Exercise prompt :: Count the lines in the records that hold the string "Page". Only the number should be given.
Records for the exercise Start Marker
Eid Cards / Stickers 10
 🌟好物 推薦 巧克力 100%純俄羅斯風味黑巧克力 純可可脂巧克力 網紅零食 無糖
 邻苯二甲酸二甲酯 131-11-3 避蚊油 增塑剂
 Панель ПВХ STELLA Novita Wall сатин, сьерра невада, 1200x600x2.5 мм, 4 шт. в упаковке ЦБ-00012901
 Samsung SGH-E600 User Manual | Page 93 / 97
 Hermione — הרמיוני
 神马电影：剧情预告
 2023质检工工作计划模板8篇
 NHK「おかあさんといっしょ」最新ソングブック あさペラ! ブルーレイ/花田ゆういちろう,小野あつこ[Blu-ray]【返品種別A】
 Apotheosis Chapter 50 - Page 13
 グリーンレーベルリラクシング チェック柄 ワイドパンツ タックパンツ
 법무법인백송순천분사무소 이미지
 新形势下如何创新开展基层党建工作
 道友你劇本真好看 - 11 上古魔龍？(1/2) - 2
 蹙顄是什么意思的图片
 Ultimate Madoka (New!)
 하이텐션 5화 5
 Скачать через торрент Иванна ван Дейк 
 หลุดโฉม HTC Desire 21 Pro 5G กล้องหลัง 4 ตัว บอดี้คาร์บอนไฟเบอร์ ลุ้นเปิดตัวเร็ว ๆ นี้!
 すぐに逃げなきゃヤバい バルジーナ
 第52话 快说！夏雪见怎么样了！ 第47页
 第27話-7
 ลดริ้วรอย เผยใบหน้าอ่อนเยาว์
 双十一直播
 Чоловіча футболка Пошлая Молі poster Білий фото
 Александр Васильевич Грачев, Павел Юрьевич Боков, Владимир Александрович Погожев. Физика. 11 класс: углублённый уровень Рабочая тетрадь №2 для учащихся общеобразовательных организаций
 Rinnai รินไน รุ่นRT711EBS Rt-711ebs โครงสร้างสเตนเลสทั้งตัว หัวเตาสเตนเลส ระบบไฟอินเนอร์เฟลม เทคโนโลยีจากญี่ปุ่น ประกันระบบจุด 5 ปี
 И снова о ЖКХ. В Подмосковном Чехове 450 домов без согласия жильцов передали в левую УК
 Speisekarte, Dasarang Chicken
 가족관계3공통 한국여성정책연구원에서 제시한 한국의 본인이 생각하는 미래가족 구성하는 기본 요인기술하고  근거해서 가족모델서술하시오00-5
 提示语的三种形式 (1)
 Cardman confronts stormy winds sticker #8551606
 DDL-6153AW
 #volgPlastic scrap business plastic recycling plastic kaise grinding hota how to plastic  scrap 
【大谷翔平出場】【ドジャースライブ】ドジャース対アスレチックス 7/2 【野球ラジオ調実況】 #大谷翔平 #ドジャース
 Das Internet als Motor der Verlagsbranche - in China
Records for the exercise End Marker
Response area :: 2